» **Assigned task**: Would you copy the records below, exactly and only from their first line through the line containing "I'm just threading", without any pictures?

» **Entries provided**:

════════════════════

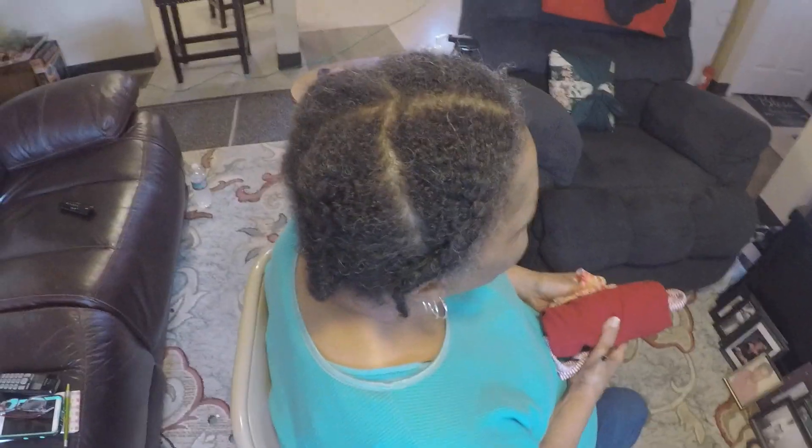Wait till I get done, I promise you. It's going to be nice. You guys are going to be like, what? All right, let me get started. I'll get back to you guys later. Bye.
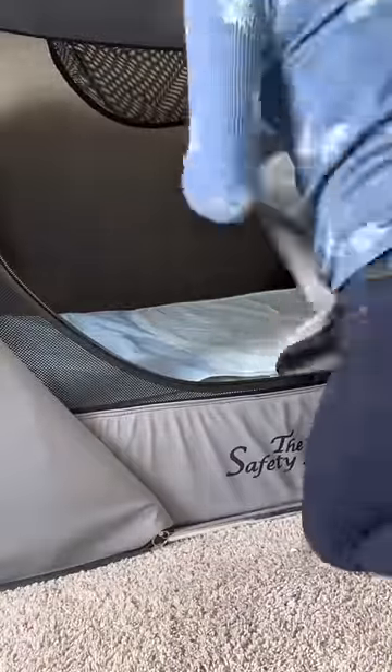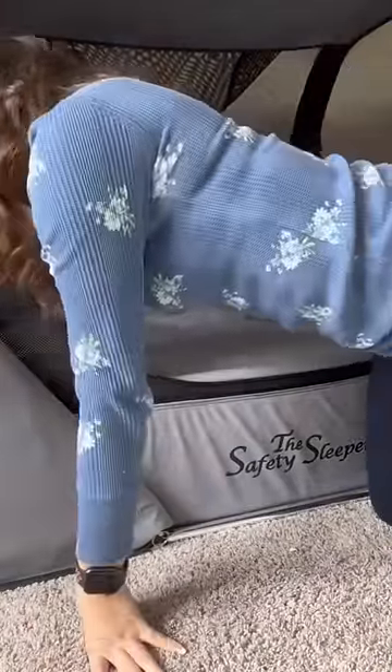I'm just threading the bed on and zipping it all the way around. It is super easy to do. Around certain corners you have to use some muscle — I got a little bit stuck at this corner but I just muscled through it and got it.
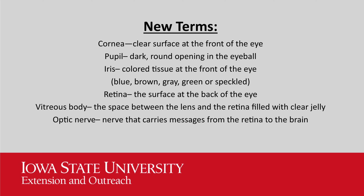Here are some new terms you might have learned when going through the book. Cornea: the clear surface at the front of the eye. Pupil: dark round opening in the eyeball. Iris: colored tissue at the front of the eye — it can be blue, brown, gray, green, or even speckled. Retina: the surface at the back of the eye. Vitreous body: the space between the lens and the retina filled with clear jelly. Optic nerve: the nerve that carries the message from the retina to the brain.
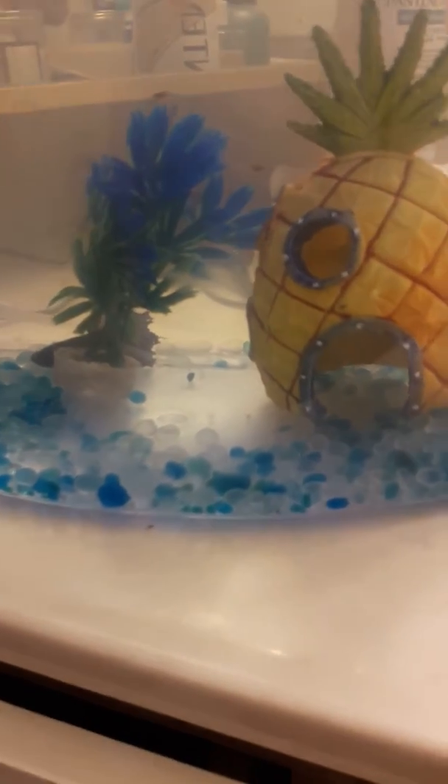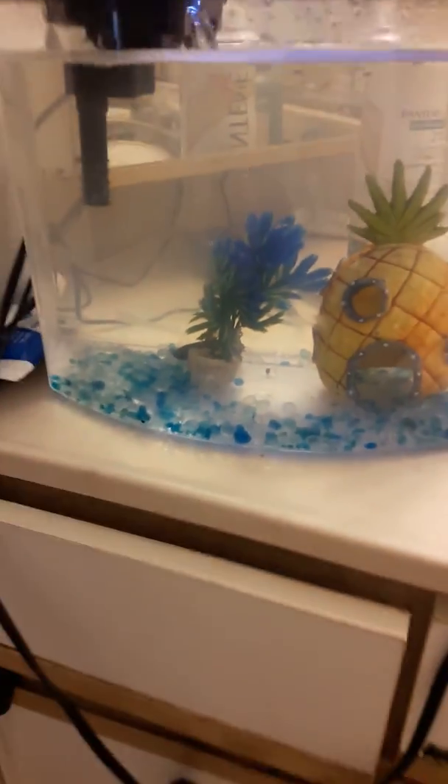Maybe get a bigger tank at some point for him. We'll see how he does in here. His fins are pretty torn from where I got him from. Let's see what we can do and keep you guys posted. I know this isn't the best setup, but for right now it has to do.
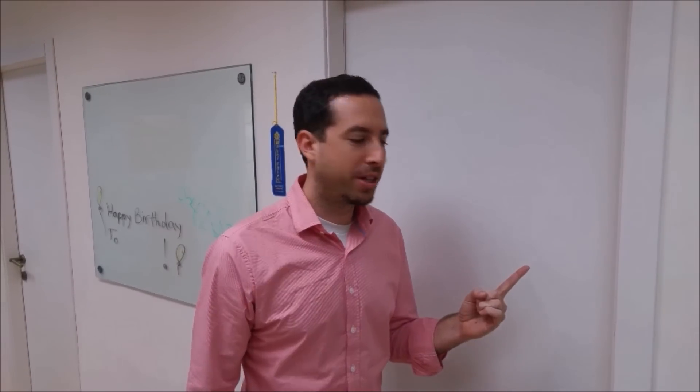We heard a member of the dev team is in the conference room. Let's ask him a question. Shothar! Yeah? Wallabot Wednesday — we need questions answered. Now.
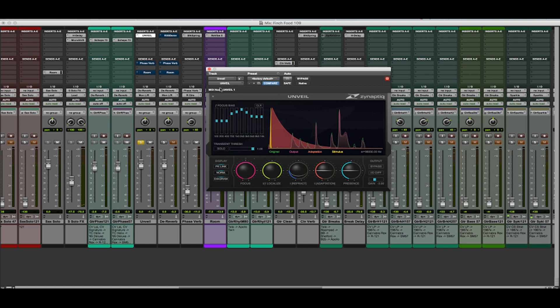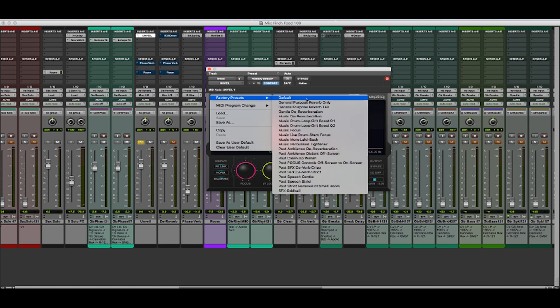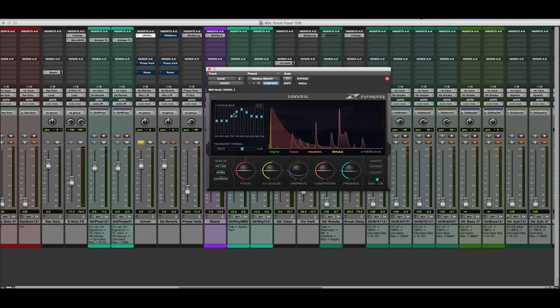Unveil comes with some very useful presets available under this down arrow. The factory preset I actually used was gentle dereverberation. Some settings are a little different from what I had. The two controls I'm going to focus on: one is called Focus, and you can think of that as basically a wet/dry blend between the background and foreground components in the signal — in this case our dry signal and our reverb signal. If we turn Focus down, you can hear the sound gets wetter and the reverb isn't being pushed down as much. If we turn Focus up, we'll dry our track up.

════════════════════

» **Solution for this problem**:
Wait till I get done, I promise you. It's going to be nice. You guys are going to be like, what? All right, let me get started. I'll get back to you guys later. Bye.
I'm just threading the bed on and zipping it all the way around. It is super easy to do. Around certain corners you have to use some muscle — I got a little bit stuck at this corner but I just muscled through it and got it.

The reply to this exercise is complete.